Saved entries:
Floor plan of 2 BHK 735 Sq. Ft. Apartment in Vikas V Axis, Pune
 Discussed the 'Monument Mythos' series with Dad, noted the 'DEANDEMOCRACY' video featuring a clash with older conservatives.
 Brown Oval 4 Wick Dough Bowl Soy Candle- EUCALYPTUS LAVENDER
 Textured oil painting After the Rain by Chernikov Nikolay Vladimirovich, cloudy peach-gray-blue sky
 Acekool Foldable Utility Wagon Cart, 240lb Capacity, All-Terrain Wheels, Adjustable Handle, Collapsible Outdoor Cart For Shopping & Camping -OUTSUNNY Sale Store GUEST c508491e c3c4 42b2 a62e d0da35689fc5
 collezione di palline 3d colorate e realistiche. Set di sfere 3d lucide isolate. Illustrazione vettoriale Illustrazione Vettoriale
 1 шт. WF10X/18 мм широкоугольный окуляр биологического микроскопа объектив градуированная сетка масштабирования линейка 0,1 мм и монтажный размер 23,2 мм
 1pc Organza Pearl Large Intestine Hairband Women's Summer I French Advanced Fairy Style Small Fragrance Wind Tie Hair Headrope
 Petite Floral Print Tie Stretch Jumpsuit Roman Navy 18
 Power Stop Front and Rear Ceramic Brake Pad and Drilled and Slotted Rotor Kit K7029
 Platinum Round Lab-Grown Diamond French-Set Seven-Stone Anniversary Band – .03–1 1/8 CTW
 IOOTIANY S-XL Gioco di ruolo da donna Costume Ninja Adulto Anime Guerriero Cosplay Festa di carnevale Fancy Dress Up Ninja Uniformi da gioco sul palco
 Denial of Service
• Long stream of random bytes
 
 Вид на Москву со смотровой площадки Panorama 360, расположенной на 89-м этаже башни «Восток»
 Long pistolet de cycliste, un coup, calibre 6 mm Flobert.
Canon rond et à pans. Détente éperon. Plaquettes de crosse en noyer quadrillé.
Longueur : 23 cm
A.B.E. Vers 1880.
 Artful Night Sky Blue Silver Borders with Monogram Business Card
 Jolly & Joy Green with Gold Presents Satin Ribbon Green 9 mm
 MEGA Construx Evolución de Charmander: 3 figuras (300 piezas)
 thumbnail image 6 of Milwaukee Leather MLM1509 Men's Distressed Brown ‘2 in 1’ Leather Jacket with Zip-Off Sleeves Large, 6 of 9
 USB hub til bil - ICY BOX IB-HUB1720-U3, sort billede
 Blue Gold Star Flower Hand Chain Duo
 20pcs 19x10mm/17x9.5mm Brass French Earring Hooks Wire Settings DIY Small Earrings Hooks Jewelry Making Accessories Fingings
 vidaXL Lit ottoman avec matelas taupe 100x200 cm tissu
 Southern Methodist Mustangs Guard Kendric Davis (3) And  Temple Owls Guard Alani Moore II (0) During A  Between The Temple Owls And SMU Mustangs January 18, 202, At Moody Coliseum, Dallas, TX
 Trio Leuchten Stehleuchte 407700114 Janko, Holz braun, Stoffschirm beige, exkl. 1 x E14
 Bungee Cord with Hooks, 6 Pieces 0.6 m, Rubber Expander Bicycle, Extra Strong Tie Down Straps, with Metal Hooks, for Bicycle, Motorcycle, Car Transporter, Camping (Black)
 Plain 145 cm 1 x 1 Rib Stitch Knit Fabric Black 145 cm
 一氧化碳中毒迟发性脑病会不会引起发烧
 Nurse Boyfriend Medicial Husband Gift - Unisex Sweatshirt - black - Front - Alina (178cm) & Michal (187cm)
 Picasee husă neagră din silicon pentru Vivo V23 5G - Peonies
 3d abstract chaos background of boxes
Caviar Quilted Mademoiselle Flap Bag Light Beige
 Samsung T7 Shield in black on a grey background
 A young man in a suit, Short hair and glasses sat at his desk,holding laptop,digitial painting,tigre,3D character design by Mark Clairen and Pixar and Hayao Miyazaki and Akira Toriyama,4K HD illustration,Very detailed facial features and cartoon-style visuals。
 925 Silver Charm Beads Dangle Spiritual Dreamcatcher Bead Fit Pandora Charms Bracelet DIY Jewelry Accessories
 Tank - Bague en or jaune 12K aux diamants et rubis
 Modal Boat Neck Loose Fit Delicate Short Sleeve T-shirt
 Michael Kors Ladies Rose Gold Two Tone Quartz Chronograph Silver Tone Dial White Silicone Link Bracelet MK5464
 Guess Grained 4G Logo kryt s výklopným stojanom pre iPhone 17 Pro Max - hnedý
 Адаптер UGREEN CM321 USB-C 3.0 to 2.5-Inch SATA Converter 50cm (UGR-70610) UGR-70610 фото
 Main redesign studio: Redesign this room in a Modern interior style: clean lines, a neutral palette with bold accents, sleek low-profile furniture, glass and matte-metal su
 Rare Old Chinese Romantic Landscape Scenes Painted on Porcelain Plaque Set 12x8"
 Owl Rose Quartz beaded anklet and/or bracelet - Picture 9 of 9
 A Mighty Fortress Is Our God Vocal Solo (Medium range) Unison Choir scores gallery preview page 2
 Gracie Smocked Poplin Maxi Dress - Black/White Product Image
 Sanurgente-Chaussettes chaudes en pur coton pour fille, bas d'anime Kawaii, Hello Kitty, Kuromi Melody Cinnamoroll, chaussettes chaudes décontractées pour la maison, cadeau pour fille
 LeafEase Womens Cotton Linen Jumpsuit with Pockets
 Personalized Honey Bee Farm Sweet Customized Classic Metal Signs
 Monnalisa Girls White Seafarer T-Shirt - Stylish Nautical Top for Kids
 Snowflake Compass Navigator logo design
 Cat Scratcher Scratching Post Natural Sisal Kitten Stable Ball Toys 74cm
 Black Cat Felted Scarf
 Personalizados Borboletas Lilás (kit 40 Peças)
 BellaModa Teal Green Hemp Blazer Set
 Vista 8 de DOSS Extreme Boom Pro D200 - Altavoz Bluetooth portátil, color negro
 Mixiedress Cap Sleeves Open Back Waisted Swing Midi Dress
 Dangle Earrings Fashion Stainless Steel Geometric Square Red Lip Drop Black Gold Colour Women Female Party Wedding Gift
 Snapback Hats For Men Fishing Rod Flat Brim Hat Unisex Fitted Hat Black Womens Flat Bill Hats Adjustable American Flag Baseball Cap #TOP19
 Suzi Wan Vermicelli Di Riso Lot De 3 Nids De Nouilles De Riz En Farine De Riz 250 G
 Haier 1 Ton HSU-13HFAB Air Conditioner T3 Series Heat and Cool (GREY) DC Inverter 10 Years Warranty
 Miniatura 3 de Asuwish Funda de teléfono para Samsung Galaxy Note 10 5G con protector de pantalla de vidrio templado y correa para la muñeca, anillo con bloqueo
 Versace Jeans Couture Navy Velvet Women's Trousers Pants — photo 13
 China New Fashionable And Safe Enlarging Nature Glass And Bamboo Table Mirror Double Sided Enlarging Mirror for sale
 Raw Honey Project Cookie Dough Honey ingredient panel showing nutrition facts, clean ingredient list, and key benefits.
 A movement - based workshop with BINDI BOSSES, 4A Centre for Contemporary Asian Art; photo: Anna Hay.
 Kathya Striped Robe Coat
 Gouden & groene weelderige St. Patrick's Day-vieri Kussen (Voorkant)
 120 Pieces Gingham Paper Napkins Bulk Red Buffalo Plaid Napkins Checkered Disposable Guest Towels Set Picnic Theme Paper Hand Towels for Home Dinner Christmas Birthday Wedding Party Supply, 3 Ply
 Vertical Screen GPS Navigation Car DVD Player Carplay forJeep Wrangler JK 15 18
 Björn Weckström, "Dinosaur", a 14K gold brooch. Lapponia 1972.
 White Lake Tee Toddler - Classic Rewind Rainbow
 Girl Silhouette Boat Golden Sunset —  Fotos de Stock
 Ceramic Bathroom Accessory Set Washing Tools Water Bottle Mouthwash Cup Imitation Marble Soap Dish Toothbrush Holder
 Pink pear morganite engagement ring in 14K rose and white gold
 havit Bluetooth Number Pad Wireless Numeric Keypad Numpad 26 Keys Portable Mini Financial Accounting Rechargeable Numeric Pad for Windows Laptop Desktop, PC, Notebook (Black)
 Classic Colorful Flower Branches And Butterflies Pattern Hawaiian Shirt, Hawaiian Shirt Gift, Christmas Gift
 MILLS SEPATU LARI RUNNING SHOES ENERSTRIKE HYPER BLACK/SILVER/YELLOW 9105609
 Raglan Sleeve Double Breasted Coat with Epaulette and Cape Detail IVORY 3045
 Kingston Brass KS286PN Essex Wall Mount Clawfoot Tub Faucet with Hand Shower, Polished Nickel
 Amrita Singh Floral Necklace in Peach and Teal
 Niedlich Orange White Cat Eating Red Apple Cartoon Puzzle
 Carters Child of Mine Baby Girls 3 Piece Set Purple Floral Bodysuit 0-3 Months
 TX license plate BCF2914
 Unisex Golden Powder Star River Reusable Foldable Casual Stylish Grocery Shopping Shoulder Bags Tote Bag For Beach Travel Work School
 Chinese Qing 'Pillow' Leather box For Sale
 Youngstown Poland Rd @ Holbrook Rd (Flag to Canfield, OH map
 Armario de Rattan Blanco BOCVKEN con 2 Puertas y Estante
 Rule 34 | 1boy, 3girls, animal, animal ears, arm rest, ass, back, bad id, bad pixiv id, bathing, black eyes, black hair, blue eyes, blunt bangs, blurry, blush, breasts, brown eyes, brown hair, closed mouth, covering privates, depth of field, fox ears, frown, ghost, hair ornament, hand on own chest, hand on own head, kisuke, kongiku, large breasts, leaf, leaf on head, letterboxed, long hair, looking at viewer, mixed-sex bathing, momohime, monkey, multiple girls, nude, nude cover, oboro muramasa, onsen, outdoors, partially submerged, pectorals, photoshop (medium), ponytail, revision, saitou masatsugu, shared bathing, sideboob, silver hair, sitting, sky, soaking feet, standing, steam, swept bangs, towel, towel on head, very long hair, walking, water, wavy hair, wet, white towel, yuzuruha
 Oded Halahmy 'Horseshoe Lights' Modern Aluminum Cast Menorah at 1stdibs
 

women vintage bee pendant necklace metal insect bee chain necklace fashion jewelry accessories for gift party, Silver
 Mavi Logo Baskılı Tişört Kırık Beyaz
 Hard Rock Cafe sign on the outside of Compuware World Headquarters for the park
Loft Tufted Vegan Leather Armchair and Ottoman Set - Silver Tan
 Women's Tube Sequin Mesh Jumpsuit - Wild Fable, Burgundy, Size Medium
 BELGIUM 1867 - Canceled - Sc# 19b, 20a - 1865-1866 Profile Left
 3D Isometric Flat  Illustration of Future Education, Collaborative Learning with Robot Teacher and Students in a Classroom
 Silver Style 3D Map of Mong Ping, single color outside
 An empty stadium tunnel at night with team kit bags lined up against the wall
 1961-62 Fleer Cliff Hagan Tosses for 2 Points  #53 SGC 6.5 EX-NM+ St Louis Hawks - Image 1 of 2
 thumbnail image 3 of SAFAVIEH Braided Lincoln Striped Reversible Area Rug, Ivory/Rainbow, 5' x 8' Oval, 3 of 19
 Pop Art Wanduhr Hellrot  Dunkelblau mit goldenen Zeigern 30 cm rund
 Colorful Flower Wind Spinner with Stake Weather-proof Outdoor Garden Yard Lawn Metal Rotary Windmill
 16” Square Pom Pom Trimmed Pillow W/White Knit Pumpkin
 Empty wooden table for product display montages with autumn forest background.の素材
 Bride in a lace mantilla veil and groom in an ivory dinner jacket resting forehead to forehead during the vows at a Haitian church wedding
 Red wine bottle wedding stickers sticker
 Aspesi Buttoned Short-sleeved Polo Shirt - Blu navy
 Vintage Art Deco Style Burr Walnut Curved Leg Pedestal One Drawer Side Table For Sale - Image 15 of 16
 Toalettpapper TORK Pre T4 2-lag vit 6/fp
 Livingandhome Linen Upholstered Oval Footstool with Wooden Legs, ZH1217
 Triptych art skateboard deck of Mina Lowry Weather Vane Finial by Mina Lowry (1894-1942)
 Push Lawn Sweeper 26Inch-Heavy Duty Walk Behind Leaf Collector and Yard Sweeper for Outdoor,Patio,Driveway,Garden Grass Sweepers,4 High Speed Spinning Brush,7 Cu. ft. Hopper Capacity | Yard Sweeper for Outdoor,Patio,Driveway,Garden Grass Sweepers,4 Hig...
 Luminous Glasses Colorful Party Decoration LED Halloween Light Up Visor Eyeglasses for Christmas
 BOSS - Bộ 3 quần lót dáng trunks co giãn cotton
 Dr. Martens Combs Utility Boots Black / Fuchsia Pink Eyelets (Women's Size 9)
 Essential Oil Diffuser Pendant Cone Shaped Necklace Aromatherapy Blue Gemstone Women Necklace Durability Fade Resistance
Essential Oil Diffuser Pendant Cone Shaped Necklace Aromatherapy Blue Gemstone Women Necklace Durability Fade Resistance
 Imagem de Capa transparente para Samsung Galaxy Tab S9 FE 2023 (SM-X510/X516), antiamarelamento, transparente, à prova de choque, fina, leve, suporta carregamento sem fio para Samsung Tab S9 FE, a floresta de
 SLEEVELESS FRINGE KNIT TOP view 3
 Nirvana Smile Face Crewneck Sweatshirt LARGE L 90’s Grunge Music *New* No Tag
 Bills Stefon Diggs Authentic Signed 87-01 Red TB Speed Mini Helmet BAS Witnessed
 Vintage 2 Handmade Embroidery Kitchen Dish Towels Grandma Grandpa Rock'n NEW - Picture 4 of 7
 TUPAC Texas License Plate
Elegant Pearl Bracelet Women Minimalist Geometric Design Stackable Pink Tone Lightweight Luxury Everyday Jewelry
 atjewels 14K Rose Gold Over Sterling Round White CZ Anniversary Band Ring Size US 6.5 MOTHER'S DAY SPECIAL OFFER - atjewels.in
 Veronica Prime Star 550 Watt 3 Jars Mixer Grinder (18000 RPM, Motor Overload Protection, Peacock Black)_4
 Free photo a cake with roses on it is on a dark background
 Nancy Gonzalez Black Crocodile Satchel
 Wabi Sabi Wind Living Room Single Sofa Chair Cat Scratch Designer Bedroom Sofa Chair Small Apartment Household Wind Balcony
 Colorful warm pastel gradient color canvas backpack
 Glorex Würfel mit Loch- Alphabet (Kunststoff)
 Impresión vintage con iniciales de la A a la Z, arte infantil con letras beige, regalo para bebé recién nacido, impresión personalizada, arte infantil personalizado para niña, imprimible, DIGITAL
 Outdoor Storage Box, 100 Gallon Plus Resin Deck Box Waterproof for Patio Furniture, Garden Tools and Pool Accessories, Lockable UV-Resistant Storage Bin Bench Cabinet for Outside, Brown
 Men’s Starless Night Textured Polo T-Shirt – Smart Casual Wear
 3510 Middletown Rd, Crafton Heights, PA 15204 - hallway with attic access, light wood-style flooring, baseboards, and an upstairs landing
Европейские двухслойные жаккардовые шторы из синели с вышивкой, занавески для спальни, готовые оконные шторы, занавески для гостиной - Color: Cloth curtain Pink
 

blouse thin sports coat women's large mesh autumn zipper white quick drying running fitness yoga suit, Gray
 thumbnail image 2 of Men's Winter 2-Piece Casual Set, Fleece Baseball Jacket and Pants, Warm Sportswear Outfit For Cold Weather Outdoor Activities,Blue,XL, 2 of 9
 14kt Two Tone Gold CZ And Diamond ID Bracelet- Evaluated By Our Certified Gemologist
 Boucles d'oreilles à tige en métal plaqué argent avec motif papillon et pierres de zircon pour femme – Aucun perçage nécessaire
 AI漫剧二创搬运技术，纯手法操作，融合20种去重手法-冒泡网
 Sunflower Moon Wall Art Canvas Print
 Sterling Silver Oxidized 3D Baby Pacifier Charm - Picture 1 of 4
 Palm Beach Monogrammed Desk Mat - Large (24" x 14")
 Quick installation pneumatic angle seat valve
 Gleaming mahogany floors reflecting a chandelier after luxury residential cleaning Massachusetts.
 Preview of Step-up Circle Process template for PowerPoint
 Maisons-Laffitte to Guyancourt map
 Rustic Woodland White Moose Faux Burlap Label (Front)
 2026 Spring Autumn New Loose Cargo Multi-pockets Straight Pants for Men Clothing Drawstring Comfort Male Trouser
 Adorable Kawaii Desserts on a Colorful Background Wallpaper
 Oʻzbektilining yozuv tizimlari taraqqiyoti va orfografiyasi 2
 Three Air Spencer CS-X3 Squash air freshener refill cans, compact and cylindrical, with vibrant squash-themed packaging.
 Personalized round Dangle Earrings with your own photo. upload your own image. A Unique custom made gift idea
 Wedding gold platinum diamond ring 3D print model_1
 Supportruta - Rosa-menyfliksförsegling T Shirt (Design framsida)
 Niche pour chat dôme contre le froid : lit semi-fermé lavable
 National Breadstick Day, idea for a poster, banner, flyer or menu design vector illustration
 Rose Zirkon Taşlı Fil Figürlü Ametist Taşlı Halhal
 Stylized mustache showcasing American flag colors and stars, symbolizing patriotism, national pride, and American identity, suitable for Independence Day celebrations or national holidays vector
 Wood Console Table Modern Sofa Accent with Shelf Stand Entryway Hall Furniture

THE TASK: Out of the data above, give again only the lines starting at the one holding "Suzi Wan Vermicelli" and ending at the one holding "Versace Jeans Couture", unchanged.

ANSWER TO THE EXERCISE:
 Suzi Wan Vermicelli Di Riso Lot De 3 Nids De Nouilles De Riz En Farine De Riz 250 G
 Haier 1 Ton HSU-13HFAB Air Conditioner T3 Series Heat and Cool (GREY) DC Inverter 10 Years Warranty
 Miniatura 3 de Asuwish Funda de teléfono para Samsung Galaxy Note 10 5G con protector de pantalla de vidrio templado y correa para la muñeca, anillo con bloqueo
 Versace Jeans Couture Navy Velvet Women's Trousers Pants — photo 13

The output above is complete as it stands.